I’m analytical by nature and my own worst critic. Sometimes it’s okay, everyone needs a good dose of reality now and then; but sometimes it can go too far. In these moments where I can’t find any mercy for myself, I’ve started to tell myself what I think that Colin would say to me. He was always more gracious than I.
Through this I have realized something, one of my least favourite character traits has turned out to be an asset. It kills me to give mention of this horrible flaw, but even in doing so I know it proves my point.
For as far back as I can remember, I have desperately needed the approval of others. Mostly of authority or those that I respect, but I can’t say that desire always excludes all others. It started with my parents and brothers, blossomed greatly with my teachers, and was cemented with all my employers and bosses. I craved the joy of anticipating a need, or exceeding anyone’s expectations. In essence making others happy makes me happy, but it is so much more selfish than it sounds. I also do whatever it takes to make sure I leave a good impression. Which has become so confusing for me. I have a hard time knowing the difference between what I actually want or what I think I need.
Ironically, Colin with his incredible authenticity, didn’t really care. He did care about people and what they thought, but he would not apologize for what he set his mind to. I think because of that it was easy for me to want what he wanted. He was so confident in his passions that it was natural to hop on for the ride. Especially for someone who is scared to commit to something on their own. Pursuing my own designs has always left me feeling too vulnerable.

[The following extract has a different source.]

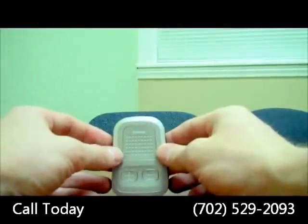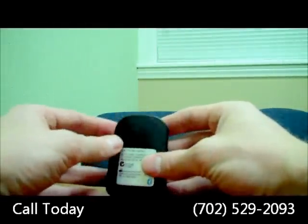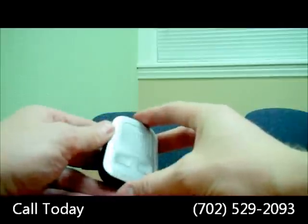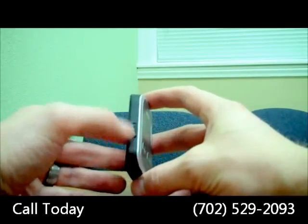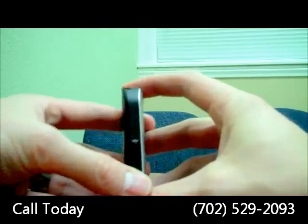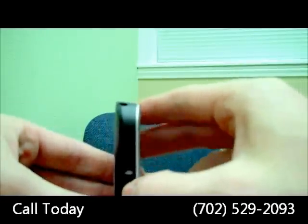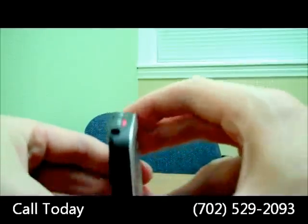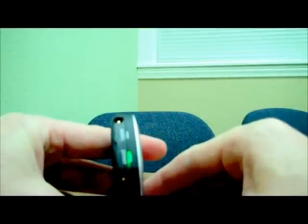So here you have the Phonak ComPilot, which is exclusively for Phonak hearing aids. Let me just go over the parts real quick. On the side here is the power switch — this is the on/off. In order to turn it on you just slide it down. That white mark is 'on.' When you turn it on or off you'll see the lights on the top flash — you see the red there meaning it's off, and then we turn it on, it goes green.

And although Colin never understood my need for approval, he told me many times that this flaw made me the perfect wife and mother. He had complete confidence that no matter what, I would always choose him and his kids, always put them first. He was right. I really have nothing else, nothing that is just me or mine. My world was Colin and our children.
And in these last few months, any time I have been tempted to run, to give up, to jump off the deep end, I can’t. I think of what others would say about me, I think of what Colin would say to me, and I think of what my boys can’t even express yet. And those three things keep me making the right decisions. They keep me from making bad choices.
And though I pray that one day other people’s approval wouldn’t be my motivation, for now I am grateful that my weakness can be used for strength. If you asked me, I honestly believe that this will always be my battle this side of eternity; if you asked Colin he would probably be a lot more gracious.